しかし、今となってみれば、彼女の言葉はこの事態を予見していたのかもしれない。
野口は、レース4日前の1月25日に、大阪国際への出場断念を発表した。やはりレース直前になって欠場にいたった北京オリンピックと同じ轍を踏んだのだ。欠場の理由は左太ももの炎症である。
歴史は繰り返す。これでもかというように、野口を追い詰める。そして彼女はいまだ深い靄の中にいる。
野口が最も輝きを放ったのは、もちろん2004年8月22日に行われたアテネオリンピックだろう。私はゴール地点となるパナシナイコ競技場で彼女がゴールテープを切る瞬間を見届けた。
野口は所在なさそうにゴール周辺をうろついたあと、シューズを脱いで手に取り、そっと口づけをした。彼女なりの返礼儀式だった。
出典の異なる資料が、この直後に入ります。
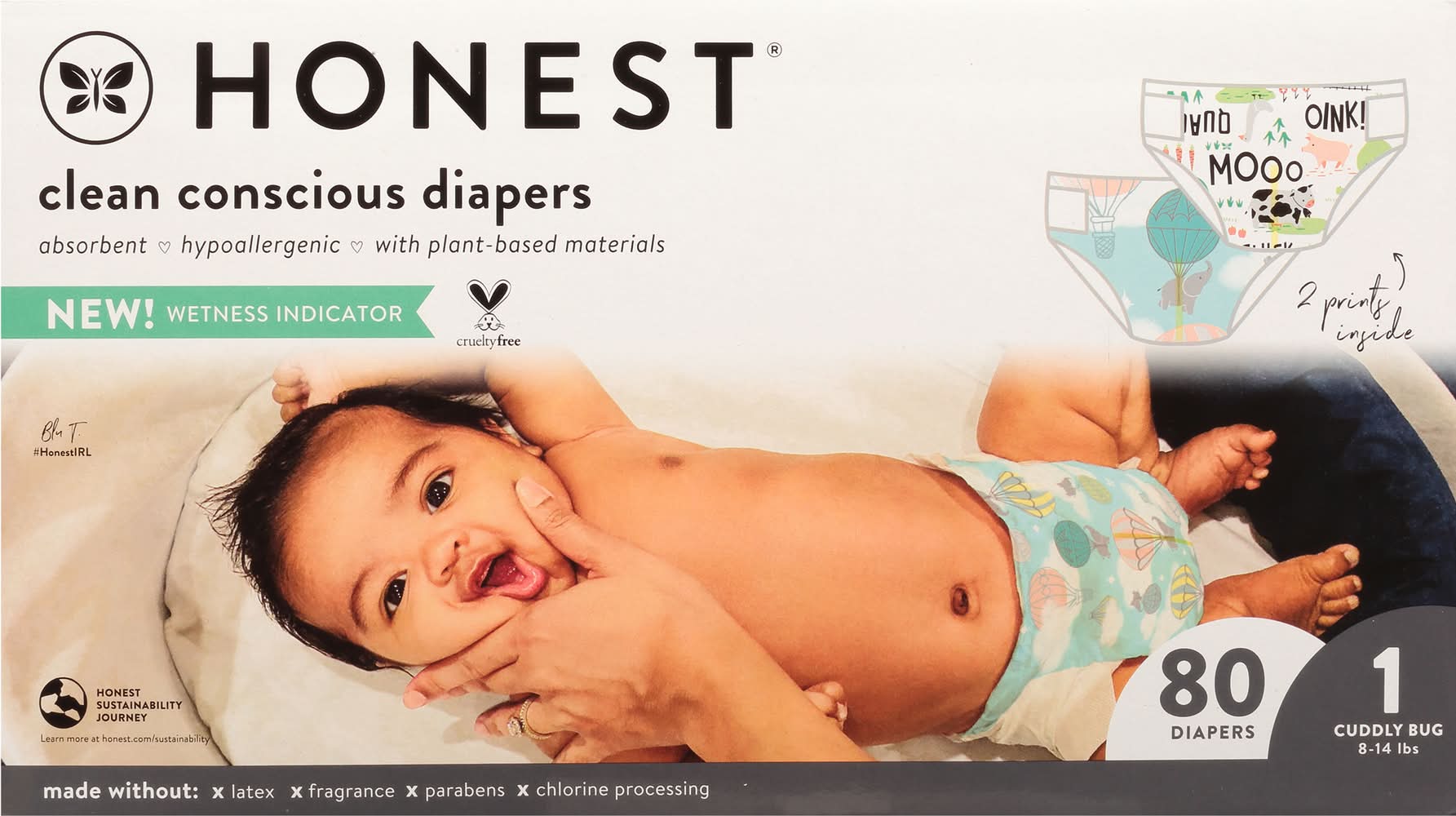 Honest Clean Conscious Diapers Barnyard (4.05 lbs, 80 ct)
野口のゴールに少し遅れて、競技場に戻ってきたのが父・稔と母・春子だった。36キロ地点の沿道で声援を送った稔は、大混雑に巻き込まれて足をねんざし、ゴールには間に合わなかったのだ。春子は春子で、稔より先にツアーガイドの運転するバイクの荷台に跨がって競技場に向かったが、バイクを降りてからの道中で息切れを起こし、酸素吸入を受けていたという。
三重県伊勢市に暮らす稔と春子にとっては結婚後初めての海外旅行だった。金メダルの瞬間を見届けることはできなかったが「無事に帰ってきてくれたのだから十分」というのが、偽らざる本音だった。